Letzten Endes hatte Annie das glückliche Händchen und konnte den Strauß nur den Bruchteil einer Sekunde vor Lily fangen.
"Ja!", rief sie triumphierend. "Gewonnen!"
"Fantastisch", sagte Dominique völlig desinteressiert. "Herzlichen Glückwunsch. Vergiss nicht, mir eine Einladung zu schicken, wenn Habakuk dir morgen einen Antrag macht. Das möchte ich sehen."
"Du kannst sagen, was du willst, ich freu mich trotzdem", erwiderte Annie grinsend und drückte die Blumen an ihre Brust. Sie warf Lily einen triumphierenden Blick zu, den Lily mit einem vernichtenden Blick erwiderte.
"Schade", seufzte Victoire enttäuscht. Sie schaute zu Ted, der erleichtert durchatmete. "Dann muss ich bis zu unserer Hochzeit warten, bis wir endlich tanzen."
"Mach dir nichts draus, liebste Cousine", verkündete James lautstark, der sich der Gruppe unbemerkt genähert hatte. Er ergriff Victoire an ihrem Arm und zog sie mit einem Ruck zu sich. "Ich tanze mit dir." James machte Tanzen großen Spaß und durch das viele Quidditchspielen war er auch ziemlich koordiniert. Zumindest solange er einigermaßen nüchtern war. Bei seinen Partys im Raum der Wünsche hatte er auch schon ganz andere Verrenkungen zu Stande gebracht, bei denen es ein Wunder war, dass er ohne irgendeine Verletzung davongekommen war.
Jetzt zog er Victoire auf eine freie Stelle auf der Tanzfläche, wo Molly und Justin bereits angefangen hatten, ihren ersten Tanz als verheiratetes Paar zu tanzen. James fing an, Victoire mit so viel Schwung herumzuwirbeln, dass sie beinahe mit dem Brautpaar kollidiert wäre. Aber es war nur beinahe und ihr fröhliches Lachen war durch den ganzen Saal zu hören.
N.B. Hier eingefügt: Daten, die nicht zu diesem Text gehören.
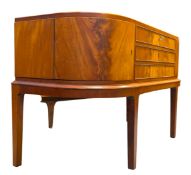 RETRO 1970S AMERICAN WALNUT SIDEBOARD CREDENZA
"Er hat auch seine guten Seiten", seufzte Rose, während sie James und Victoire beobachtete.
"Ich weiß", erwiderte Lily und schaute zu Hugo. "Er kann sie nur sehr gut verstecken. Wenn du mich jetzt entschuldigst, vielleicht krieg ich deinen Bruder ja dazu, mit mir zu tanzen, das sieht nämlich sehr spaßig aus."
"Mum hat uns im Sommer zu Tanzstunden verdonnert", sagte Rose schulterzuckend. "Ich glaub, er wird nicht schlecht sein." Hugo hatte zwar sehr gemeckert, weil er überhaupt keine Lust auf Tanzstunden gehabt hatte, aber er hatte überraschend viel Spaß daran gehabt, als sie schließlich mit dem Unterricht angefangen hatten. Rose war es nicht anders gegangen und wenn sie Victoires Lachen so hörte, dann hatte sie auch Lust zu tanzen. Sie ließ ihren Blick durch den Saal schweifen auf der Suche nach potentiellen Partnern. Ihr Dad würde sicher später mit ihr tanzen, aber im Moment hielt er ihre Mutter im Arm und es sah nicht so aus, als ob er sie gleich loslassen würde. Auch ihre anderen Onkeln und Tanten tanzten miteinander, bis auf Onkel Charlie, der an der Bar war und mehr Gefallen an einem Glas Feuerwhiskey zu finden schien als am Tanzen.
Sie schaute zu ihrem Tisch, an dem jetzt nur noch Al saß, nachdem Lily Hugo von seinem zweiten Nachtisch weggeholt hatte. Er sah zwar nicht so aus, als hätte er große Lust darauf zu tanzen, aber vielleicht konnte sie ihn ja überreden. Aber bevor sie auch nur einen Schritt getan hatte, hörte sie eine Stimme hinter sich.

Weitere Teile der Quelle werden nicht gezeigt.